- Born: January 1964 (age 62)
- Occupation: Business executive
- Employer: Thames Water
- Title: Chief executive, Thames Water
- Children: 4

= Chris Weston (businessman) =

English businessman (born 1964)

Christopher Weston (born 5 January 1964) is an English businessman. He has been chief executive of Thames Water since January 2024.

==Early life==
Weston was an officer in the Royal Horse Artillery for seven years and did a PhD in quantitative finance at Imperial College London after his time in the Army.

==Career==
During a civilian career with Centrica, Weston worked his way up to be managing director of its British Gas subsidiary.

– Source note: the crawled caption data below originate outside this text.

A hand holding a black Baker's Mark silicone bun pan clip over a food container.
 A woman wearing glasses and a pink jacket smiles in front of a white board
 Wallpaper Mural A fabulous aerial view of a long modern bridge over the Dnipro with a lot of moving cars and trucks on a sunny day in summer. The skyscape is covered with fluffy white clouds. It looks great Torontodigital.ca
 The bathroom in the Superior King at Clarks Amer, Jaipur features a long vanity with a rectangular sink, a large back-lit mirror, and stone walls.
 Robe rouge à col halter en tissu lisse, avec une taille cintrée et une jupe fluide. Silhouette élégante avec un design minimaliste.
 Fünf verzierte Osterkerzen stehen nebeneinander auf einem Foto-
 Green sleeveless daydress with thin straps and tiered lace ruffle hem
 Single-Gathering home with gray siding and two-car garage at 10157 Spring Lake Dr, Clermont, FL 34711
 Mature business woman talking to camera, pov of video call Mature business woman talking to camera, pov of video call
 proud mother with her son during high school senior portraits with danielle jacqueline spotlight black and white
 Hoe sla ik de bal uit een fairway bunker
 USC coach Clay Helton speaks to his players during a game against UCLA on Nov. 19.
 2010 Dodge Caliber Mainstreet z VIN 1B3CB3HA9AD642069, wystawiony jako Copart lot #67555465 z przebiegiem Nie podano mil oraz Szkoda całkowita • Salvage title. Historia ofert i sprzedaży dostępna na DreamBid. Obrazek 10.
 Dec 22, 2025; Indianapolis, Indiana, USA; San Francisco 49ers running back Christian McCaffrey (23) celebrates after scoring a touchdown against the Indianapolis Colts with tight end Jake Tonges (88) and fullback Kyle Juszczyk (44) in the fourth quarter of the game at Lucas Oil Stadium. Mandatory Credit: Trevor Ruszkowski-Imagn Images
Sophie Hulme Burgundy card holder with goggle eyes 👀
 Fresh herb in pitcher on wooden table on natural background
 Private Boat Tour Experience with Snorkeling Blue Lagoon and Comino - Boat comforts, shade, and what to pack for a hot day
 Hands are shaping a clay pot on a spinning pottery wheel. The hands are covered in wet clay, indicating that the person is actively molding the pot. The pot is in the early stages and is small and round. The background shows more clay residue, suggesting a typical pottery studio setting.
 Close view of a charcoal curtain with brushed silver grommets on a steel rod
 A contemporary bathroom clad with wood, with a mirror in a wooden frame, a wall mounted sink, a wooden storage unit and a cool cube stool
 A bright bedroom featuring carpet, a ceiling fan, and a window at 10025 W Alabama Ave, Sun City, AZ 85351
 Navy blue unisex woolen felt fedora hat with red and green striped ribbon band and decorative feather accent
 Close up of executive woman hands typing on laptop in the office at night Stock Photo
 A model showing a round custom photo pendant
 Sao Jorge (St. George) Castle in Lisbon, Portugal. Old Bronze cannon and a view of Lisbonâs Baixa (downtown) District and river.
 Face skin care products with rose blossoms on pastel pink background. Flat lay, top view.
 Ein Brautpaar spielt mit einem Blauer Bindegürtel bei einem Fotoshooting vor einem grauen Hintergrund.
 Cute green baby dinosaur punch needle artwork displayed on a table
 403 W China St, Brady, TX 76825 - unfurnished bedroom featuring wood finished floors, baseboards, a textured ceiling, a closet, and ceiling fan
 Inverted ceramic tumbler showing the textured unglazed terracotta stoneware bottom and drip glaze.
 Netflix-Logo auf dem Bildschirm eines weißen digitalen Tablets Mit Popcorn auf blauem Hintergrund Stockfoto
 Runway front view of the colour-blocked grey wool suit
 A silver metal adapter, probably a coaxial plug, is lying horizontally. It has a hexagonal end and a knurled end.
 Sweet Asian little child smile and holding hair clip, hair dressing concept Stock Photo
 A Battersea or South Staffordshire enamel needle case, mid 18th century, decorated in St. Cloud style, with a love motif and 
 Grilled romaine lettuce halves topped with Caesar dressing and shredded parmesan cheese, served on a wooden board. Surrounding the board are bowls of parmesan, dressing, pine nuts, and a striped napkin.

He became chief executive of Aggreko, based in Glasgow, in June 2014. It was announced on 19 November 2021 that he was leaving Aggreko.

Thames Water announced that he would become chief executive in December 2023. Weston took up the position on 8 January 2024 and will be paid an annual salary of £850,000 and a performance-related bonus of up to 156 per cent, taking his total package to about £2.25 million.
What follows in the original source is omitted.